International Court of Foreign Policy

As early as 1945 the Swiss realized that the importance of the United Nations. However the Allies were not ready at that time to accept Switzerland’s extreme neutral position. It was decided therefore that rather than applying for membership the country would follow closely the activities of the UN as an observer, while at the same time becoming

a member of the International Court of Justice and of the specialized agencies  and that, because Geneva was already the site of the former League of Nations, it would ease the accommodation of the United Nations and other large international organizations within Switzerland according to the web page ‘Permanent Observer Mission’. This was a relationship that would develop over the succeeding years which led in 1998 to a Committee of Swiss parliamentarians and citizens presenting a project to launch an initiative for the Swiss membership in the United Nations and later to its membership in 2002.

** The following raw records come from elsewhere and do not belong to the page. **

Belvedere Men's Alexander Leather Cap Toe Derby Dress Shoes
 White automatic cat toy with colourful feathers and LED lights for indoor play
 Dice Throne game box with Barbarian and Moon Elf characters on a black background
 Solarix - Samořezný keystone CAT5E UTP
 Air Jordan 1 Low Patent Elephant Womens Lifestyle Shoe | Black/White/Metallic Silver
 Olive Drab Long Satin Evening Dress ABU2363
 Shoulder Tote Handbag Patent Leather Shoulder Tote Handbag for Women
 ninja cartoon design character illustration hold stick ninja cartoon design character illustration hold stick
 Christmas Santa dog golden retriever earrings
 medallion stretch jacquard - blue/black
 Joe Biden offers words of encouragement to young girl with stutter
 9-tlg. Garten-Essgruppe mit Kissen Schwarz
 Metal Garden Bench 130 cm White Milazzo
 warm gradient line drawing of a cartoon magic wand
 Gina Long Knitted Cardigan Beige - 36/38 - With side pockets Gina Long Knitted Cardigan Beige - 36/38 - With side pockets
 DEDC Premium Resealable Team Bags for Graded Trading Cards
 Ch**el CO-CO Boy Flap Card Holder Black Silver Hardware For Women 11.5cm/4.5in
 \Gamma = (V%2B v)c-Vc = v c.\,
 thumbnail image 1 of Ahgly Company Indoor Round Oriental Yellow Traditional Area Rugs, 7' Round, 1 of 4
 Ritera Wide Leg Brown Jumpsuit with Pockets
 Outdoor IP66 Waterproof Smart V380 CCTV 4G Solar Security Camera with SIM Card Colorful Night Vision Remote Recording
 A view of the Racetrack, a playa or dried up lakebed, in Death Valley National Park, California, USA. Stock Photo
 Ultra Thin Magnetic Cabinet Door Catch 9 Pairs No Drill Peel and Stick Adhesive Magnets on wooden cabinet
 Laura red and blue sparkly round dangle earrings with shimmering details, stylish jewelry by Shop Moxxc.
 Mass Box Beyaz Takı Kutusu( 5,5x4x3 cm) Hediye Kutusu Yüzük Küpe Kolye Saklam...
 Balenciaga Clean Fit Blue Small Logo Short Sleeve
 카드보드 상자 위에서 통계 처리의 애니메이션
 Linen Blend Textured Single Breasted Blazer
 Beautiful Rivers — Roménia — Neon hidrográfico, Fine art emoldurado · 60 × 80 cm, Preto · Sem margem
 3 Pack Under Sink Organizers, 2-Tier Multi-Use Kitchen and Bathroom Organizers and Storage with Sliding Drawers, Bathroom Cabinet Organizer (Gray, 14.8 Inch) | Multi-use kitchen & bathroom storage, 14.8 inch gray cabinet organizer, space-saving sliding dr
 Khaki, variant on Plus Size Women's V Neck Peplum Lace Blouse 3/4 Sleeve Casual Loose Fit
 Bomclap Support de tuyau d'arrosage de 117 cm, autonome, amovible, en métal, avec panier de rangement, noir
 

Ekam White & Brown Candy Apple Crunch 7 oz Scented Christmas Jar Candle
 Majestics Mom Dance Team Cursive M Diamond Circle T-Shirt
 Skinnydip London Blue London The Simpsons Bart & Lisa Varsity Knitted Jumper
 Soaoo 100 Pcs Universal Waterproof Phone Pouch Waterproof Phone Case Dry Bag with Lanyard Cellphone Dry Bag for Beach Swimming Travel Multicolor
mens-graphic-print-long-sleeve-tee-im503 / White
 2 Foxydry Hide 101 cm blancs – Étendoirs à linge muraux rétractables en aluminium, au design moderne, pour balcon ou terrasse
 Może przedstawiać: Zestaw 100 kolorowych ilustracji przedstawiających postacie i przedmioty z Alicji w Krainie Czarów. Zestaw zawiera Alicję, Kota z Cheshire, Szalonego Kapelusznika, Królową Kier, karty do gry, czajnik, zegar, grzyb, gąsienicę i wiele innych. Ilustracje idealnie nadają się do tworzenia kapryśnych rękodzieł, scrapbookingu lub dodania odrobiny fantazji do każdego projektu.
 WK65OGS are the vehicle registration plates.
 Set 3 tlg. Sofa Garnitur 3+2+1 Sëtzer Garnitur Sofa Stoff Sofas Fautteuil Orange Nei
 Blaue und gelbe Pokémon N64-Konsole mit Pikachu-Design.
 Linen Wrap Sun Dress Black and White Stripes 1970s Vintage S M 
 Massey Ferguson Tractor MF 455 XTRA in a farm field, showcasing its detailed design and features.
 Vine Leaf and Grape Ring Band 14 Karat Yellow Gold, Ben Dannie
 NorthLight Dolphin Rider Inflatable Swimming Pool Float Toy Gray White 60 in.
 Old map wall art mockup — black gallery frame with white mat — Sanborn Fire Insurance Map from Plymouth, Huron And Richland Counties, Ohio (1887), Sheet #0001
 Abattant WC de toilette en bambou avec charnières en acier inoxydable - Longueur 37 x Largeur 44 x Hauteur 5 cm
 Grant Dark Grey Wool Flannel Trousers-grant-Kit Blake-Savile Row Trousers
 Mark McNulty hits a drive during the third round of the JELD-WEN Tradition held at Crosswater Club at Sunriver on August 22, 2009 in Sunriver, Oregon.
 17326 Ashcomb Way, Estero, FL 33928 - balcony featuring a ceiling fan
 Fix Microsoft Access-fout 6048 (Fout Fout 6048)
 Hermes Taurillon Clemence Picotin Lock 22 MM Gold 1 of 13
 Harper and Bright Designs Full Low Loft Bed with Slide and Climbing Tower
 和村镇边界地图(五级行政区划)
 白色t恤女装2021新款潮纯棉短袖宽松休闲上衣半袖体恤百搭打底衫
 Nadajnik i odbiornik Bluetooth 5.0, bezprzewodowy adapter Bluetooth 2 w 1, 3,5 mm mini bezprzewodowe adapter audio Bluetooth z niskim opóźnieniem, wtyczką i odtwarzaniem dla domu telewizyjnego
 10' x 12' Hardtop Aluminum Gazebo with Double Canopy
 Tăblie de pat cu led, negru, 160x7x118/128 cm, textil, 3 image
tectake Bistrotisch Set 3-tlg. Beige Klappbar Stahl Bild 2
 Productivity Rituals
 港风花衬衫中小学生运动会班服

Switzerland has of course a long history of neutrality which it has maintained over centuries. This policy has meant that its citizens have been protected from the horrors and difficulties that war situations bring, but at the same time it has meant that the Swiss have had to sit back from situations that they might not agree with such as the holocaust. This does not of course mean that the Swiss are not concerned about human rights, which is why in 2006, after a Swiss initiative, the United Nations formed a Human Rights Commission as a result of the M+5 summit meeting as described in the document Switzerland and the U. N. , the 2006 Report of the Federal Council.

The commission began in June 2006. The commission is an advisory body with the important task of bringing together all sides in order to produce integrated peacemaking policies. For instance, as reported on page 19 there is a report of how, under the leadership of Switzerland a group of states have come to an agreement about a way of tracing small arms . On page 59 of the report Switzerland’s priorities are outlined.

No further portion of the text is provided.